A week later, Meola was a kid again, a sophomore back in his dorm room at the University of Virginia, reunited with his pet python, Monty. Though Meola would soon turn 21, he still clung to the symbols of his teenage years: the spiked hair, the gold earring, the friendship bracelets, the word MEAT scrawled in black ink on the tongue of his shoe. Meat, or sometimes Meatball, is what his college teammates call him.

Most likely Meola came to full flower in late February, during the U.S.'s 3-1 loss to the Soviet Union in Palo Alto, Calif. The turning point occurred in the closing seconds of the first half, when the Soviets took a 2-1 lead.
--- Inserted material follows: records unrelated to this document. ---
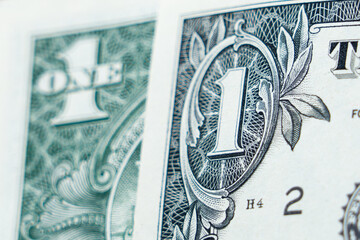 One US Dollar bill as a symbol of business, and profit. Selective focus.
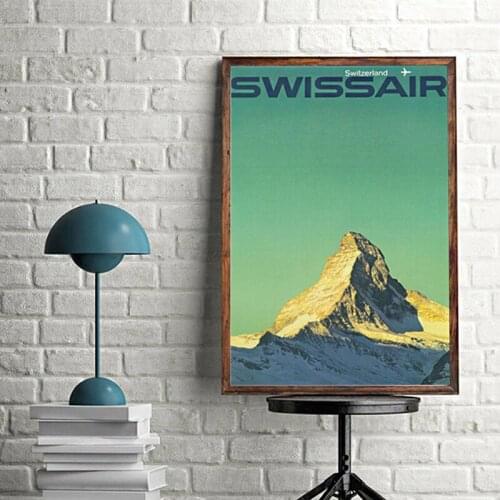 Zermatt Switzerland Travel Poster Vintage Wall Art Canvas Print Matterhorn Landscape Painting Wall Picture Living Room Decor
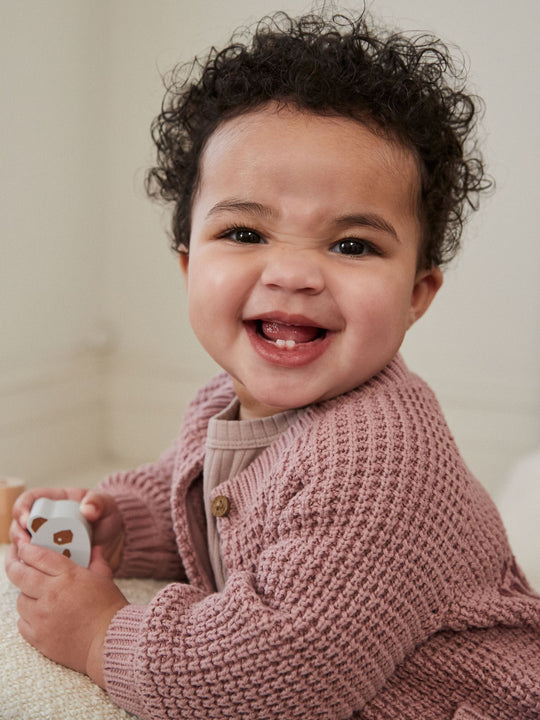 Pink Back Slogan Embroidered Baby Knitted Cardigan (0mths-2yrs)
Throughout the half, Meola had played well, though not brilliantly, behind a broken, demoralized defense. That second, crushing goal had come from a Soviet free kick that the U.S. defensive wall had failed to clear, giving Meola, whose view was blocked, no chance to stop the rebound shot. As he picked the ball out of the net, he looked incredulous and disgusted at the same time.

For Meola, who had been unscored upon in his four World Cup qualifying games, this was his first heavy dose of reality in international soccer, and he responded with determination. In the second half, his brave performance prevented a rout, despite a relentless Soviet attack. "I kept us in the game for a good while," he said. "And that was something that perhaps went unnoticed."

His abilities as a goalie had not been lost on the rest of the world, however. Last December, shortly after he led Virginia to an NCAA cochampionship, Meola left school to seek a contract with a pro team. This decision was reasonable enough, for as Bruce Arena, the Cavaliers' coach, says, "Tony is going to be a rich young man. He's going to be our first international soccer star."

And indeed, in January, Sheffield Wednesday, a British first-division club, invited Meola, along with another Kearny native, U.S. midfielder John Harkes, to a tryout. Sheffield made offers to both players. (Neither the club nor the players would reveal the terms, but Meola's lawyer, Tony Benevento, had been angling for a $250,000 signing bonus and a three-year deal for around $130,000 a year.) But Meola and Harkes decided to sign one-year contracts for a reported $40,000 with the U.S. Soccer Federation, and they committed to train full time with the national team for the World Cup finals in Italy this June. Since making that deal, Meola has also signed an endorsement contract worth more than $500,000 with Reusch, a West German sporting goods manufacturer.

If Meola had known what awaited him when he returned to the U.S. from his tryout, he might have had second thoughts about leaving England. The spirit of Trinidad and Tobago swiftly evaporated as the American team became involved in grubby squabbles over money. Furthermore, team morale took a dive when it apparently became the coaches' policy to keep even star players uncertain of their status.

"We were getting into a mold where we were just too serious," Meola said shortly afterward. "Obviously, most of the time you have to be serious, but one of the troubles with our team since Trinidad is that we haven't been able to do enough fun things away from soccer. We've been starting to get too much into our work, getting stressed out. So this is what we badly needed."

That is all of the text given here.